Latin-1 added ï and é, and other supra-ASCII character sets like Windows-1252 (and of course Unicode) added “ and ”, but that is little help to users with ASCII-only keyboards. That’s why automatic conversion features like “smart quotes” were created, and they are really no different from the TeX feature Samuel mentioned. Users who have typed `` and '' for decades probably won’t relearn their habit, but smart quotes could easily be applied to those sequences as well. (Users who are *just now* learning to type `` and '' are, I still contend, waging a protest of some sort.)
People don’t like smart quotes because the conversion algorithm from straight quotes isn’t perfect in every case, and can’t be, and because some time ago, some tools that applied smart quotes also happened to declare the wrong character set. Document-creation tools that labeled Windows-1252 text as ISO 8859-1 became legendary and infamous; the reputation lasted long after the actual bugs were fixed.
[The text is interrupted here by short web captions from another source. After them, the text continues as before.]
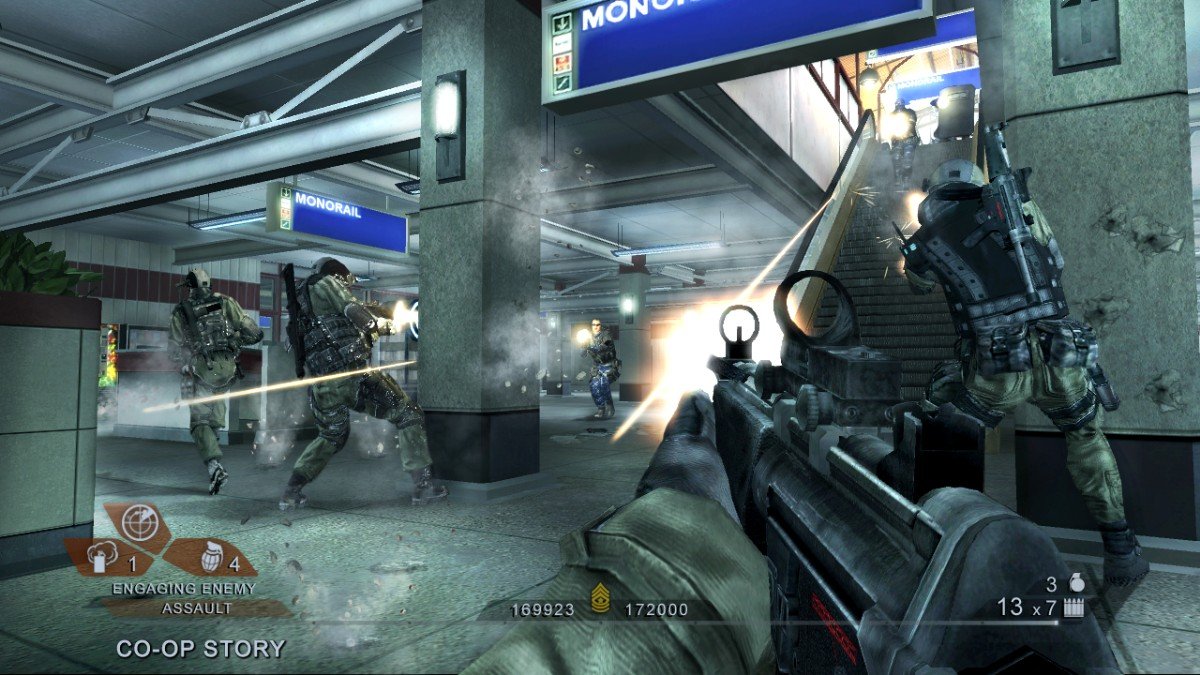 尼尔：机械纪元 终极版 截图7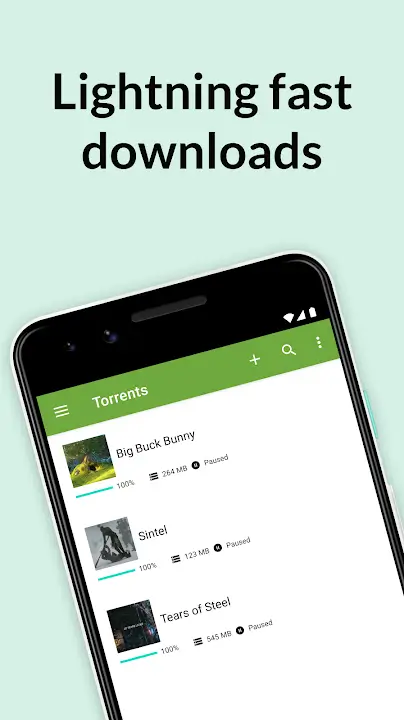 UTorrent MOD APK Liteapks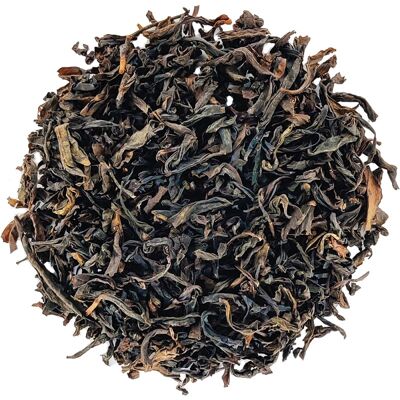 Organic Blue Tea Wulong Fujian China - Bulk 500 g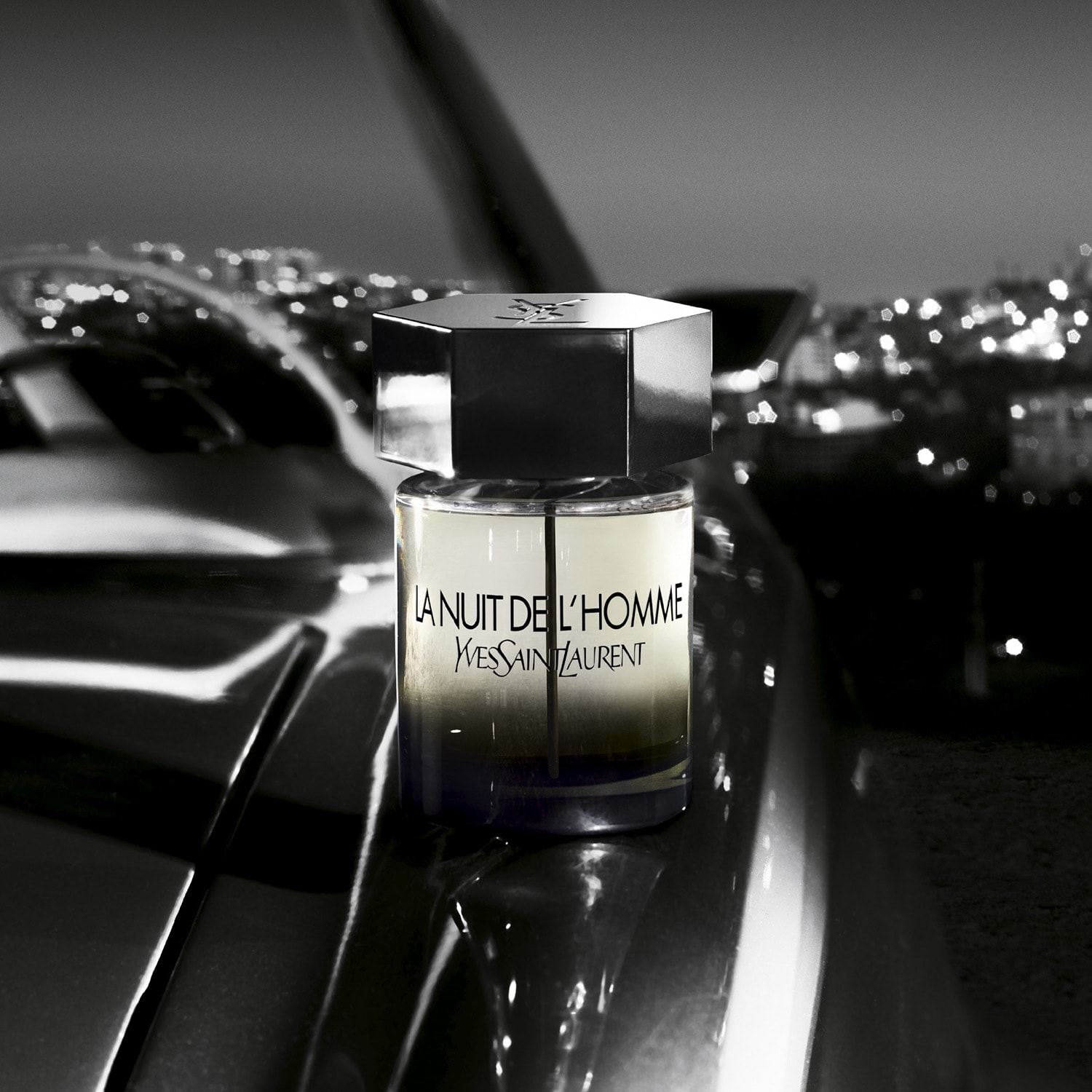 La Nuit De L'Homme Coffret Eau de Toilette de YVES SAINT LAURENT ≡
Readers that assume any non-ASCII text must be 8859-1 are their own problem.
I long for the day when ordinary users do think of Unicode text as “plain-text documents,” not something arcane that requires “GUIs or special readers.”
Kwpolska on 5 Apr 2013 10:56 AM:
> They definitely preferred the way it looked, but I was reflecting on the fact that none of our keyboards have these fancy quotes.
Does having them in my fancily-customized keyboard layout based on the X11 pl layout (already having “‘”’ — I added „‚ in terms of quotes) count?